According to a study published this week, YouTube’s algorithms still increase violent videos, hateful content and misinformation, despite the company’s efforts to limit access to such videos.
The Mozilla Foundation, a software nonprofit that has been outspoken on privacy issues, conducted a 10-month investigation that found that 71 percent of all videos that were disturbing by volunteers were recommended by YouTube’s algorithm.
The study, which Mozilla described as “the largest crowdfunding investigation into YouTube’s algorithm,” used data volunteered by users who installed a Mozilla extension on their web browsers that tracked their YouTube usage.
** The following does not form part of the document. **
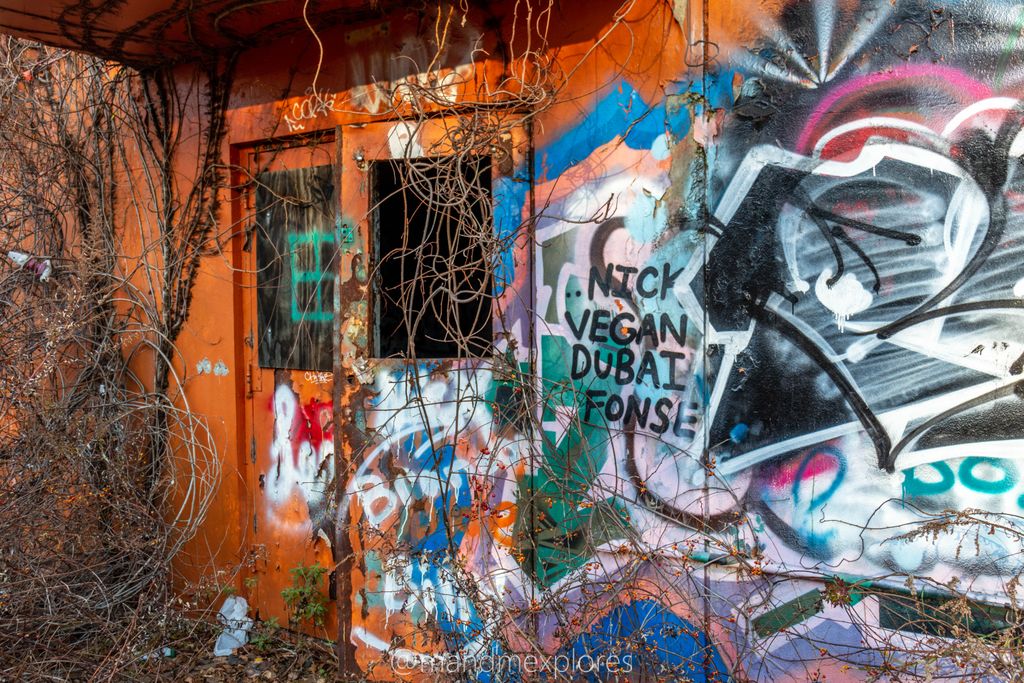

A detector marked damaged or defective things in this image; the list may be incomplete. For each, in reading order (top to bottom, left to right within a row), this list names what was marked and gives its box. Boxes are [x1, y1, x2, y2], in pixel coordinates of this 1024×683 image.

broken window [255, 164, 338, 374]
broken window [370, 155, 494, 358]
And used to allow them to report potentially problematic videos.
The researchers could then go back and see whether the flagged video was algorithmically suggested or whether the user found it himself.
More than 37,000 users from 91 countries installed the extension, and volunteers flagged 3,362 “sad videos” between July 2020 and May 2021.
Mozilla brought in 41 researchers from the University of Exeter to review the flagged videos and determine whether they may violate YouTube’s Community Guidelines.
According to the study, 71 percent of the more than 3,300 flagged videos were algorithmically suggested.
One of them was an erotic parody of “Toy Story” and an election video that claimed Microsoft founder Bill Gates had hired students affiliated with the Black Lives Matter movement to count ballots on battlefields. .
According to the report, others included conspiracies to promote white supremacy along with 9/11 and the COVID-19 pandemic.
YouTube later removed 200 videos that were flagged by participants, which equates to about 9 percent.
But according to Mozilla, the video had already been viewed more than 160 million times before it was taken down.
A spokesperson for YouTube said it was unclear how the study defined the offensive video and questioned some of the findings.
“We welcome the research on our recommendations, and we are exploring more ways for outside researchers to study our systems,” the spokesperson said in a statement.
“But it is difficult for us to draw any conclusions from this report, as they never define what ‘sorry’ means and only share some of the videos, not the entire data set,” it continued.
“For example, some of the content listed as ‘regrettable’ includes a pottery-making tutorial, a clip from the TV show Silicon Valley, a DIY craft video, and a Fox Business segment.
“Our public data shows that consumption of recommended borderline content is well below 1% and that only 0.16-0.18% of all views on YouTube come from infringing content,” the statement said.
“We’ve made over 30 changes to our recommendation system over the past year, and we’re always working to improve the experience on YouTube.”